Immediately after the exhausting 100-meter freestyle race, Manuel was interviewed by NBC and fighting back tears she said, “All I can say is all glory to God, it’s definitely been a long journey these last four years…and I’m just so blessed to have a gold medal.”
She then explained to reporters that she hopes her example will help break down stereotypes and eliminate the focus on her race.
“That’s something I definitely struggled with a lot…Just coming into this race I kind of tried to take the weight of the black community off my shoulders, which is something I carry with me just being in this position. I do hope that kind of goes away.”
Manuel hopes that other African American swimmers will join her, and that race will cease to be the attribute that dominates the conversation about her swimming career.
“I’m super-glad I can be an inspiration to others and hopefully diversify the sport, but at the same time I’d like there to be a day when there will be more of us and it’s not ‘Simone – the black swimmer.’ The title ‘black swimmer’ makes it seem like I’m not supposed to be able to win a gold medal or break records.”

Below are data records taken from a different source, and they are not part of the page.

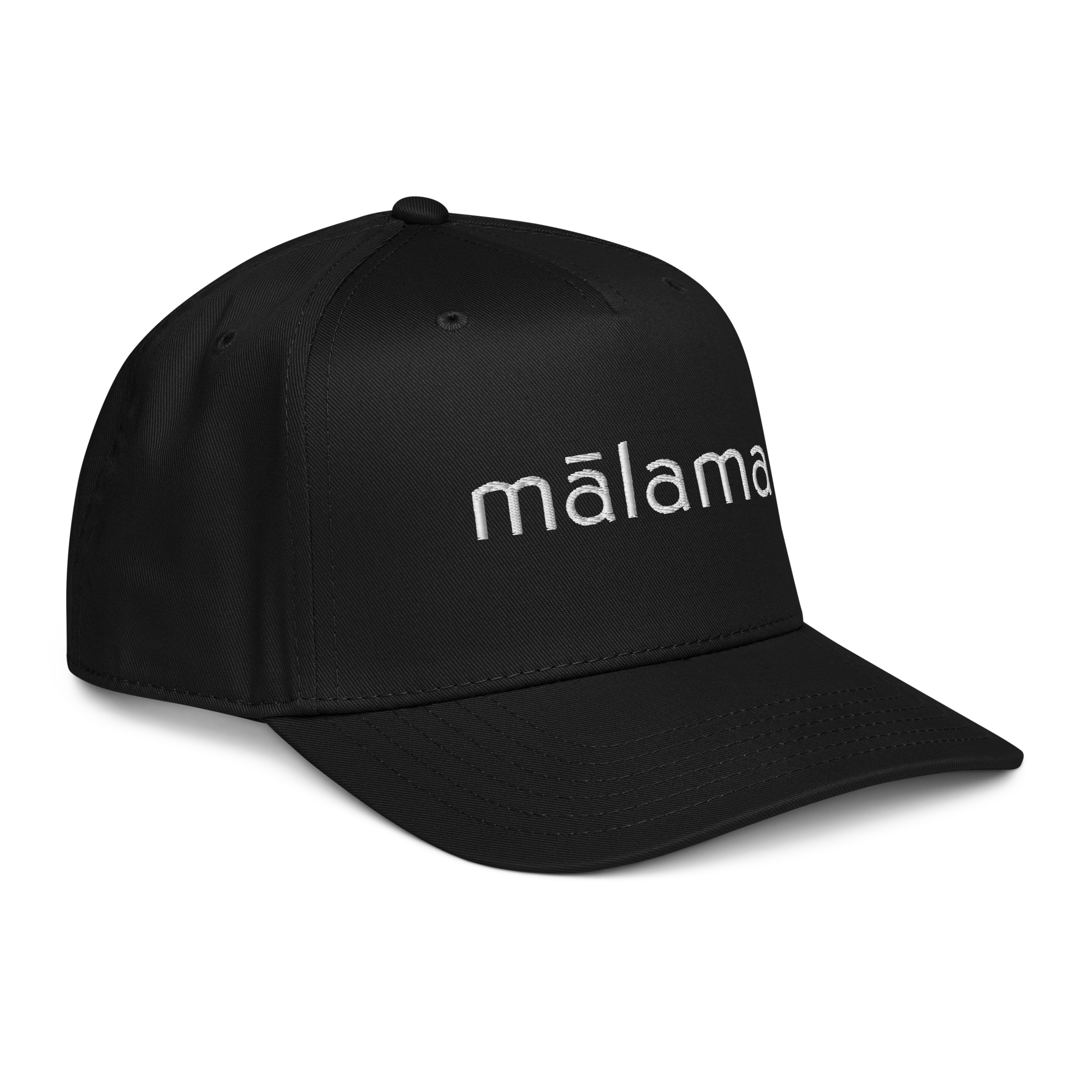 Live with Intention - Mālama Hawaiian Heritage Snapback Hat - OFFSIDE CLUB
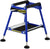 UNIT Fit Stand Blue A2210-6 - Adjustable Dirt Bike Stand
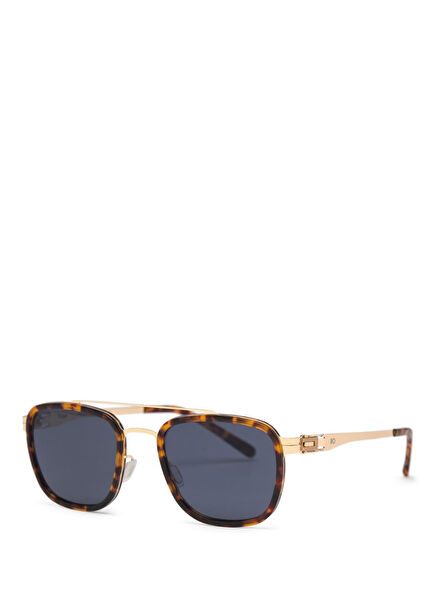 Hupe 04P 49 Havana Brown Men's Sunglasses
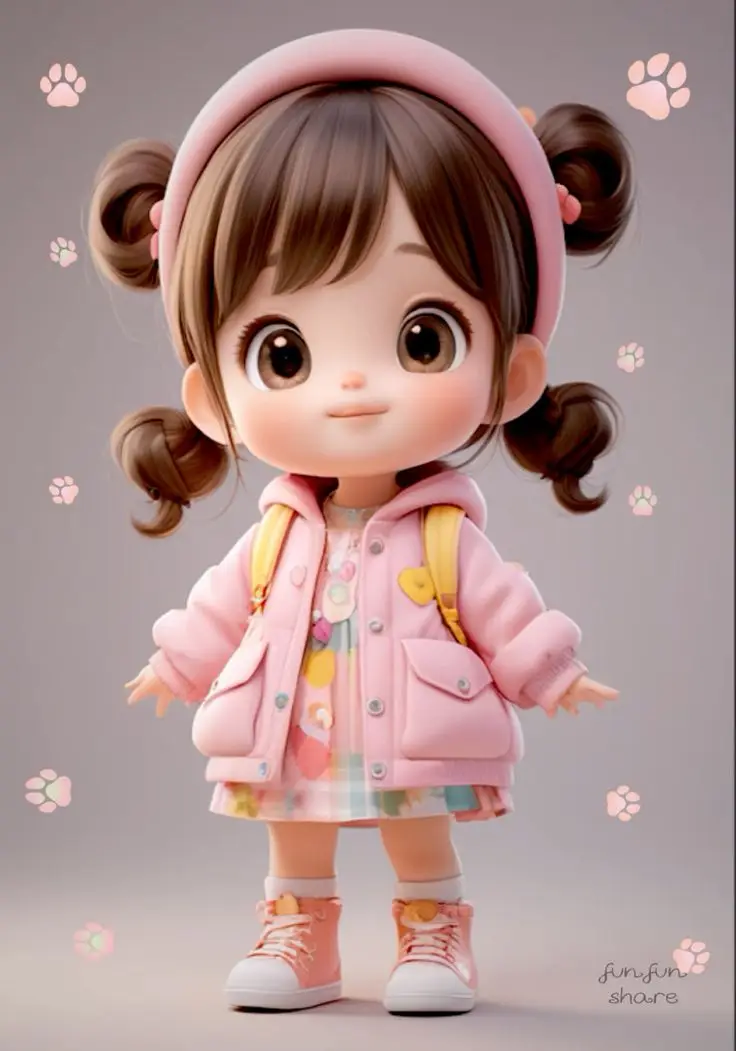 Hình ảnh em bé gái đáng yêu - Kho tàng hình ảnh ngọt ngào 13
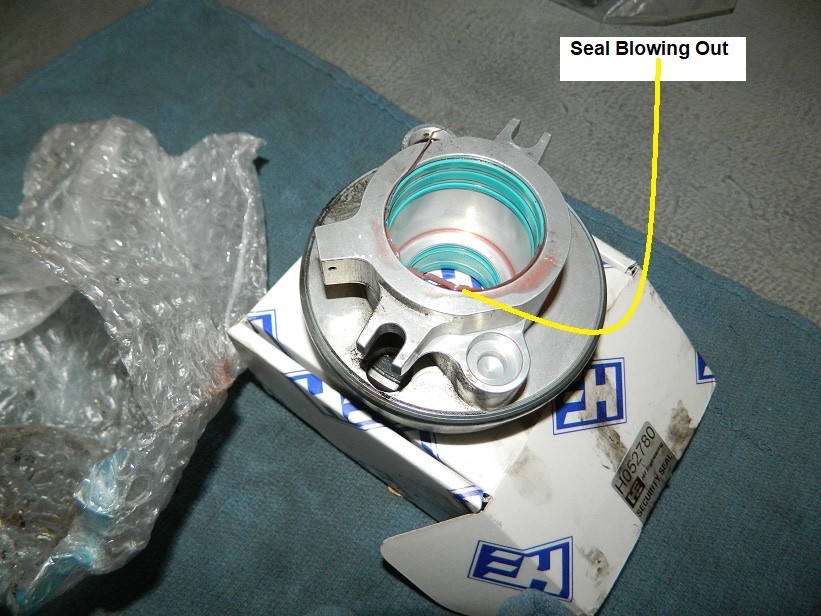 Throw Out Bearing off a 2002 Ferrari 360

Manuel hails from Sugar Land, Texas and currently swims for Stanford. She has been a dominant force in women’s swimming during the past few years, becoming a two-time N.C.A.A. swimming champion. She is also friends with gymnast Simone Biles, who is also from Texas and similarly shares a strong Christian faith.
She is not afraid to use her social media to share her Christian convictions, referencing “Phil 4:13” in her Twitter and Instagram bios and writing to her followers, “All Glory to God! Isn’t He awesome! I am extremely blessed.”
Manuel is one of the many Christian athletes this year who have used the Olympic stage to honor God for their success. Her words are reminiscent of divers Steele Johnson and David Boudia, who told NBC, “We both know that our identity is in Christ, and we’re thankful for this opportunity to be able to dive in front of Brazil and in front of the United States. It’s been an absolutely thrilling moment for us.”
While Manuel is better known in the swimming community, she has been pushed into the global spotlight with her gold medal. The nonprofit organization Diversity in Aquatics said in an interview that “Manuel’s victory could help reverse…a cultural fear of swimming among African-Americans” and encourage others to become lifeguards, coaches and swimmers. Her win even received the attention of tennis superstar Serena Williams, who voiced her support on Instagram.
Manuel looks forward to returning to Stanford in the fall and will be joined by another swimmer inspired by Christ, Katie Ledecky.